- _RECORDS SHOWN_:
[Start of section]

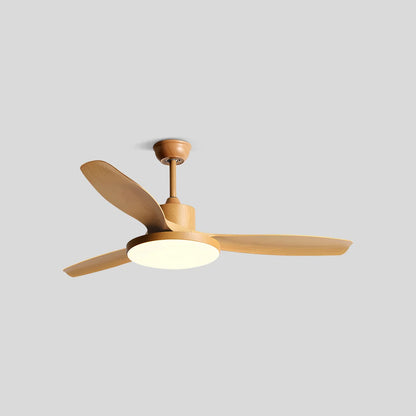 Eloer Scandi Reversible Ceiling Fan with Light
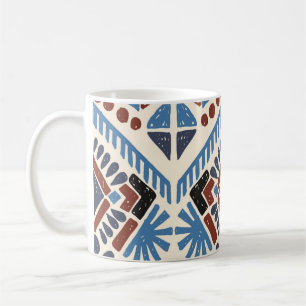 Tribal ethnic. Vintage hand drawn illustration pat Coffee Mug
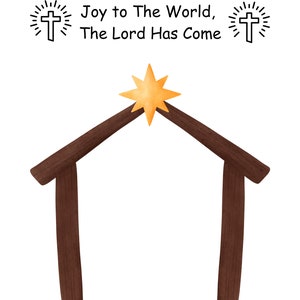 Christian Preschool Christmas Activities Religious School Aged Christmas Crafts Printable ...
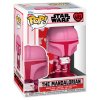 фигурки Фигурка Funko POP! Bobble: Мандалорец (Mandalorian) Звездные Войны "Валентинки" (Star Wars Valentines) (60126) 9,5 см
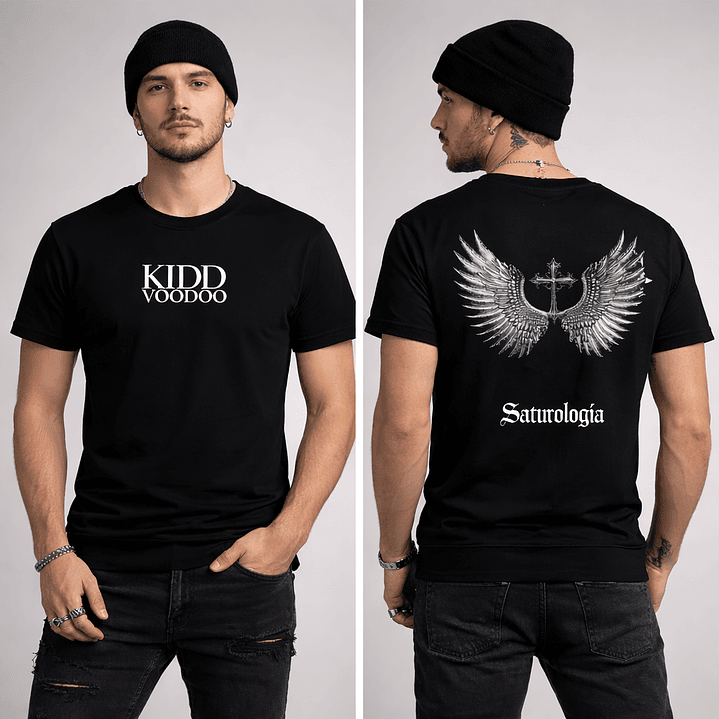 🔥 Polera Kidd Voodoo – Satirología alas 🔥 1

[End of section]

Make an exact copy of the listing above. Its pictures are not needed.

- _YOUR SOLUTION_:
 Eloer Scandi Reversible Ceiling Fan with Light
 Tribal ethnic. Vintage hand drawn illustration pat Coffee Mug
 Christian Preschool Christmas Activities Religious School Aged Christmas Crafts Printable ...
 фигурки Фигурка Funko POP! Bobble: Мандалорец (Mandalorian) Звездные Войны "Валентинки" (Star Wars Valentines) (60126) 9,5 см
 🔥 Polera Kidd Voodoo – Satirología alas 🔥 1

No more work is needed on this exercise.